:: Items from a dataset ::
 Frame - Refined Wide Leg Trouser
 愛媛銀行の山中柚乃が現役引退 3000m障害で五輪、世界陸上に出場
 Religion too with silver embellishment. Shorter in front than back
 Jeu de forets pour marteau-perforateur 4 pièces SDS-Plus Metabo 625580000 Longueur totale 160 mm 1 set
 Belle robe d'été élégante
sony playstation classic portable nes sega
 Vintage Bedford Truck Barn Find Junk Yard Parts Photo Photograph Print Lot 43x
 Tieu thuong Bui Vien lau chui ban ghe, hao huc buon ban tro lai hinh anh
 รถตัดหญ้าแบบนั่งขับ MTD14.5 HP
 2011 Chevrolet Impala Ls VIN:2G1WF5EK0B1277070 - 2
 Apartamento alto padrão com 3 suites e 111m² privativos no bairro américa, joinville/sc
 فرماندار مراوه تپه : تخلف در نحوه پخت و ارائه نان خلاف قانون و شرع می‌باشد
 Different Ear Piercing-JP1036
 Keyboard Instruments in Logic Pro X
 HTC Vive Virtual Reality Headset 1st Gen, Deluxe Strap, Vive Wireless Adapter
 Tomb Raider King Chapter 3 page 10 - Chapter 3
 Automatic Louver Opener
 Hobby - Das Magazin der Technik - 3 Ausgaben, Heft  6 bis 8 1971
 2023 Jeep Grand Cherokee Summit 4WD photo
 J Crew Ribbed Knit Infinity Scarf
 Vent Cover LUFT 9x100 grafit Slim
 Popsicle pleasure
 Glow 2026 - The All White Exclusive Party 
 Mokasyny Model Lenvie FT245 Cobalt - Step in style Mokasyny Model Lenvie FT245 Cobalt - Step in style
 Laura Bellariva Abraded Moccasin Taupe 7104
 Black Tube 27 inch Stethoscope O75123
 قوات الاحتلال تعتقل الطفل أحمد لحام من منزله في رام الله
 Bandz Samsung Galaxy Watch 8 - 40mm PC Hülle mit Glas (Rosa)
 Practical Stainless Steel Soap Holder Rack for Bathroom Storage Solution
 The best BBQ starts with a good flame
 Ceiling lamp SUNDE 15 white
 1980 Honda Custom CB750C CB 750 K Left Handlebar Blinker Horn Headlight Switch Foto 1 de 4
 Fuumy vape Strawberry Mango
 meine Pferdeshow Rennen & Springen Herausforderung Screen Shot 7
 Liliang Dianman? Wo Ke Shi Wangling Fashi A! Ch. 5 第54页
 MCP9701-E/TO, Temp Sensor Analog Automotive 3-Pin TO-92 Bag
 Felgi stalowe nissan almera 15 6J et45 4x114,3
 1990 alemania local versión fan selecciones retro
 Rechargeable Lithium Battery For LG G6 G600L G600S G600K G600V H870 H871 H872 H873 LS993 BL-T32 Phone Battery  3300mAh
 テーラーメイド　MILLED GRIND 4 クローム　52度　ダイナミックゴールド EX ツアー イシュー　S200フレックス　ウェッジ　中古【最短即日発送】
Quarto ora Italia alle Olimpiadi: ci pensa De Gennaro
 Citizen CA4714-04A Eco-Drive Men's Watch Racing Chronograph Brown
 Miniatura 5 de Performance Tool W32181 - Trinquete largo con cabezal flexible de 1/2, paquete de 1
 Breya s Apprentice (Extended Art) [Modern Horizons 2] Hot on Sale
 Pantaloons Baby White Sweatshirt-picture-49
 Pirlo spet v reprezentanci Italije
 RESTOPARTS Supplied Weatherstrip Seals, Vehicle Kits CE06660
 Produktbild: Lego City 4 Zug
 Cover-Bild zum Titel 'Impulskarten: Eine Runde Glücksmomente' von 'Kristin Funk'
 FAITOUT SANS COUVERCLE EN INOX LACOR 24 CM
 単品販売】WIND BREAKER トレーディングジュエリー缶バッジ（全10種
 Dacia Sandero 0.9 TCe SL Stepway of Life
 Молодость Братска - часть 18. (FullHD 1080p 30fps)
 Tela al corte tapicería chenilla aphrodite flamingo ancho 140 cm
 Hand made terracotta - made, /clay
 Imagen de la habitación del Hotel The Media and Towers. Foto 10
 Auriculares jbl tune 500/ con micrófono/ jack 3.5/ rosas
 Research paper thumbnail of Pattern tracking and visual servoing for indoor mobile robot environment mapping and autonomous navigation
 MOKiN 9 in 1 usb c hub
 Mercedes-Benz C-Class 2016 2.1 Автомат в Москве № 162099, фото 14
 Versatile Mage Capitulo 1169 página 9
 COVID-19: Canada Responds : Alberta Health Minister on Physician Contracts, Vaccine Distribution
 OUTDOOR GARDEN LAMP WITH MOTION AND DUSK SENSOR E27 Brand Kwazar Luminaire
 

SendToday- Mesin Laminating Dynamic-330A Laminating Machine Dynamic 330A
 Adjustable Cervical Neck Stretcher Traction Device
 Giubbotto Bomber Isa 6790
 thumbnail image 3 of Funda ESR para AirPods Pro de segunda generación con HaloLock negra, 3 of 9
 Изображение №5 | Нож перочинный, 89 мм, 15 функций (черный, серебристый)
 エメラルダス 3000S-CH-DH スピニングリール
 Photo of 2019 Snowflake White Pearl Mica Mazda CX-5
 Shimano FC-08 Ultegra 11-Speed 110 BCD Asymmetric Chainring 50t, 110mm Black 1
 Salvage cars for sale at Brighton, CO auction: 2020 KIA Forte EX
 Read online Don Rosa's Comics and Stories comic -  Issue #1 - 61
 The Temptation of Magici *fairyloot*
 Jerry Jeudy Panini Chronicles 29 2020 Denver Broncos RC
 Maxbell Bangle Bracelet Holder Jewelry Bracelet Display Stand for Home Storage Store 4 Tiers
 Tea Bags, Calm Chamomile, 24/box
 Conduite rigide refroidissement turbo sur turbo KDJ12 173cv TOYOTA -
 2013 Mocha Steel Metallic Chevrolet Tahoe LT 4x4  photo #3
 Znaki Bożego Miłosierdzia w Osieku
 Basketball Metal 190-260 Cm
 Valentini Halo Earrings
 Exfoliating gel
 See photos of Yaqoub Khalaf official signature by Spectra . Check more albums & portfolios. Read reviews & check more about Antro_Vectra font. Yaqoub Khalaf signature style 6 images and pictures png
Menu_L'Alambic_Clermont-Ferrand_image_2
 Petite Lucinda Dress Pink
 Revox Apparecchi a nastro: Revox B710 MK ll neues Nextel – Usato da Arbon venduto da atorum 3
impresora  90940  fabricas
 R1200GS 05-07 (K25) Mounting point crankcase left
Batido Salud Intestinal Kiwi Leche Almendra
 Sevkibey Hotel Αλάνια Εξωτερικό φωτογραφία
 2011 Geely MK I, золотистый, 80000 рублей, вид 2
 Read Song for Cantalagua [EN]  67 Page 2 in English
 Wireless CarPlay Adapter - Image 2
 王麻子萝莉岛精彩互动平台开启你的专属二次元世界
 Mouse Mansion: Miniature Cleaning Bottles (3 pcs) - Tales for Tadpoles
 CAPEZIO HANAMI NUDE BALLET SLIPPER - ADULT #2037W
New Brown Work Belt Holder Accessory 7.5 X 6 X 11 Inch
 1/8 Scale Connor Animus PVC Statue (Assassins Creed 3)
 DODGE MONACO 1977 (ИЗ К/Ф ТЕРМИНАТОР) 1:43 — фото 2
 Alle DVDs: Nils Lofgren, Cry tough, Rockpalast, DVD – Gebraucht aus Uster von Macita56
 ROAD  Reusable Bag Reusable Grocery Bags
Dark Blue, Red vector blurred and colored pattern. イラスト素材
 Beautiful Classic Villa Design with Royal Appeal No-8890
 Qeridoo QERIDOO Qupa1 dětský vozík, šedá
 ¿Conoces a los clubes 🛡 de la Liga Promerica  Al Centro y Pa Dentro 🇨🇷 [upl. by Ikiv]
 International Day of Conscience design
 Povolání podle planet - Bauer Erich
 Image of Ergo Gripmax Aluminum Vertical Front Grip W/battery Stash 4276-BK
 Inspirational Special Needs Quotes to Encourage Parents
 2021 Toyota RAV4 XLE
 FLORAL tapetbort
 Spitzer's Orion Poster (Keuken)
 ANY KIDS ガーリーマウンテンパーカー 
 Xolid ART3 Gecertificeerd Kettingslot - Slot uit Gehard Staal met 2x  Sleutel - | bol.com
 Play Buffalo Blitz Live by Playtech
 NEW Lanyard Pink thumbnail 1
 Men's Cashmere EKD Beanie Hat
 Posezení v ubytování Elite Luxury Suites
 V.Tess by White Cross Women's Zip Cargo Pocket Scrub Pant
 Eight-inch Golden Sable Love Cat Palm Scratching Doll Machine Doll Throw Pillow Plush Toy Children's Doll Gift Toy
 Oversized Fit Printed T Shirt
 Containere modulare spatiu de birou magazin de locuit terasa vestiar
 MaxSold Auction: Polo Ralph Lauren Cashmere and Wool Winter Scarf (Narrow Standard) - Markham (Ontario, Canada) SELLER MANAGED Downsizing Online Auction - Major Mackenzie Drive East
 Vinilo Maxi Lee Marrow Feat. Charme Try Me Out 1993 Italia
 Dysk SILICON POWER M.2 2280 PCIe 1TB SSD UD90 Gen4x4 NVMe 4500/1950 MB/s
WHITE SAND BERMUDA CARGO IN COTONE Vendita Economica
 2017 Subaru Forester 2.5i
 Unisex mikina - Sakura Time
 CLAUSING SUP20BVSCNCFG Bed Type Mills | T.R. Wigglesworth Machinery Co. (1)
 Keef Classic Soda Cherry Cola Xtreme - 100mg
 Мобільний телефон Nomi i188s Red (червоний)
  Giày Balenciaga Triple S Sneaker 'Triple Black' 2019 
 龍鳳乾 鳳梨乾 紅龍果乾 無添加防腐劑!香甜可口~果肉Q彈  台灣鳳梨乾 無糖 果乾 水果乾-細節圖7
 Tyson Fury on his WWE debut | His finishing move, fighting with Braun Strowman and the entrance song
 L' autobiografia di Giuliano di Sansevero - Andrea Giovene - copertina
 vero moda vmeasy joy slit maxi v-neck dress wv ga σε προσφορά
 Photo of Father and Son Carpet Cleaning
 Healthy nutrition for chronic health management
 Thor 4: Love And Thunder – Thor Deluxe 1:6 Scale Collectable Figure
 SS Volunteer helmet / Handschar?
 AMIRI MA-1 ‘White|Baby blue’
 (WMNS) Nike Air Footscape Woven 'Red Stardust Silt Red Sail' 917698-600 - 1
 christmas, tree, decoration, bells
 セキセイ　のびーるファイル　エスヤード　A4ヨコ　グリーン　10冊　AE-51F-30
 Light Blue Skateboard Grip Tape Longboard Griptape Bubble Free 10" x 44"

:: WORK INSTRUCTIONS ::
Keep to the lines above, from the first one through the line where "2011 Chevrolet Impala" appears, and copy them exactly.

:: ANSWER BELOW ::
 Frame - Refined Wide Leg Trouser
 愛媛銀行の山中柚乃が現役引退 3000m障害で五輪、世界陸上に出場
 Religion too with silver embellishment. Shorter in front than back
 Jeu de forets pour marteau-perforateur 4 pièces SDS-Plus Metabo 625580000 Longueur totale 160 mm 1 set
 Belle robe d'été élégante
sony playstation classic portable nes sega
 Vintage Bedford Truck Barn Find Junk Yard Parts Photo Photograph Print Lot 43x
 Tieu thuong Bui Vien lau chui ban ghe, hao huc buon ban tro lai hinh anh
 รถตัดหญ้าแบบนั่งขับ MTD14.5 HP
 2011 Chevrolet Impala Ls VIN:2G1WF5EK0B1277070 - 2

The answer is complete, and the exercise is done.